2010/9/7, Claudio Jeker <cje...@diehard.n-r-g.com>:
> As soon as you spilt a /64 into something smaler you left IPv6 land end
> entered something that looks like IPv6 but isn't. Sure it is possible but
> by doing it you make every IPv6 disciple scream in agony (which is
> probably a good thing anyway).

I don't understand that agonizing part. I've heard of companies with
so stupid network policies (read: corporate environment) that DHCP6
with one /112 per department and sequentially assigned addresses
against people's MAC addresses is like a spit in the ocean. Most
people that would make it scream use some automated system for keeping
track of their machines anyway.

>> How would it look like? New ifconfig parameter?
> That was the plan.

And a new flag to struct in6_ifextra? Any particular ideas about the
loop prevention?

> What is wrong with arp?

Strange, I asked myself the same question :-) Theo is probably right.
Seems like they just wanted the whole concept separately. Were there
some political reasons for that?
Result? The code is written twice. Bad. But how does it bring down the
whole protocol?

> Why rely so massivly on multicast instead of a simple LAN broadcast?

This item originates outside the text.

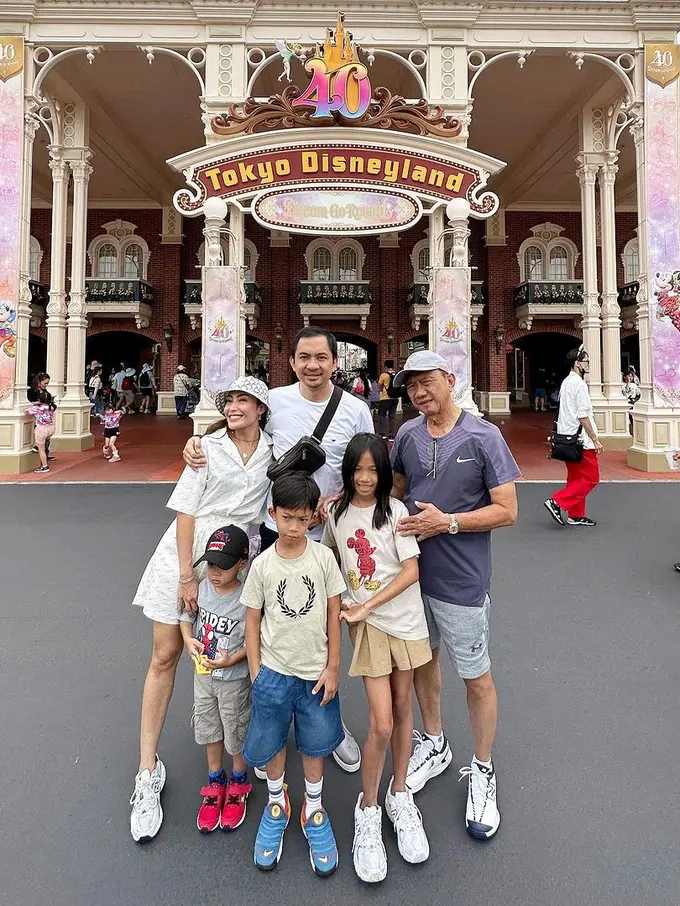 Keluarga Ayu Dewi liburan di Jepang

Because not every machine in the network wants to speak IPv6? There
might be other local stuff (EtherSound is just a bad example)
demanding separate handling over the same L2 network and not to be
disturbed by anything else.
Multicasting ND traffic seems like a relief in huge L2 segments so
common to see these days instead of smaller routed subnets. But again,
the savings are like a spit in the ocean. I have yet to see network so
big that this is actually necessary performance-wise. People claim
there are...
But what's wrong with multicast these days?

> These two things are partially responsible for the failure of IPv6.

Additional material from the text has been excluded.